Friday, April 22, 2016

Gettin back....one at a time

Novolin R makes me feel like my sugar is not high when it is.  Plus, I never experience neuropathy with it.  So Novolin R is my 'feel good' insulin. 

(With Humalog, I am almost never surprised at a test strip result; I can almost always tell what my level is by how I feel.  I wrongly assumed it would work the same with Novolin R.)

Trying to get by during financial crises on Novolin R and no test strips was a tragic mistake.  Especially during Winter.  Especially when I was in Casual Mode, thinking I could eat like whatever I want and get away with it, my sugar had gotten so good.

At the end of February, Providence intervened and placed in my path a friend whose neighbor had died and left a pile of testers and strips.  This is how I discovered I was not doing well.

In fact, I was in one of those things that happen with me once a year or every two years where for a day or two, my sugar is 250 or so, and no matter how much insulin I shoot, it does not come down.  Does not come down.  Does not come down.  And I never know why.  But it is rare it happens.  Seems like usually maybe it's a virus or something.  Or maybe I am for some reason just slipping into Type II mode.  I don't know.

But this time the sugar was higher and it didn't come down for longer.  I borrowed some humalog from a friend and, being in the worst shape for running that I have ever been in my life, started running again (Well, if you could call it 'running'), thinking as I suggested above, that maybe running would reverse a Type II onset.  First of March, I started exercising again, something I had not really done much of since I was first laid off in '08, except for the short period I had been using the Westinghouse gym in '13.

After hobbling a few days, and shooting humalog, the sugar came down.  I set myself up to get to the doctor again, and my A1C was high - I forget exactly what it was.  For the first time, I got the word that something had begun to deteriorate - he pronounced me to be in Stage III chronic kidney disease.  By now, it was about the end of March.  My sugar was under fair control but instead of my normal 2-4 units of humalog per meal, I was needing 6-14.  He also had me on Lantus, of course, and I was using 20 units per day, and then 15.

I could jog now, but remained fairly challenged to run very fast or far.

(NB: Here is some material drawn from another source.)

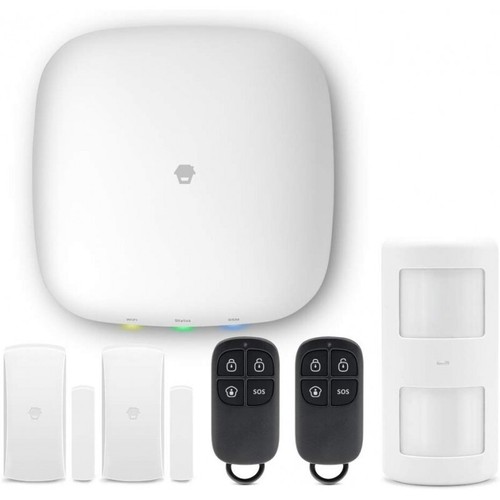 Chuango lte 400 kit - -, allarme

I knew all the tricks to good sugar, and I knew the importance of each, but you get casual and over-confident, and you get sloppy.  I had some re-learning to do.

Getting back onto the proper meds and running was a good first step.  I started to get back into shape and my sugar was fair with a lot of insulin use.

Then I began to learn again how to eat no more than I should at a time.  Made my meals quicker, and stopped eating well before I had too much for what insulin I had shot.  Made sure I never spiked too high.  Now I was doing a lot better.  But still using a lot more insulin than I had ever used before.

Finally, mostly motivated by how it makes one feel for running, I learned to eat  simple again - all the time.  Then my insulin requirement plummeted.  I realized (AGAIN) that sugar, not just HFCS, is unnatural and poison to me, let alone all the other junk that I don't normally eat, and to eat just a little, just sometimes, is no more acceptable than having just a little lead dust with my soup.  To perfectly abstain, and to eat strictly plain, was making me well again.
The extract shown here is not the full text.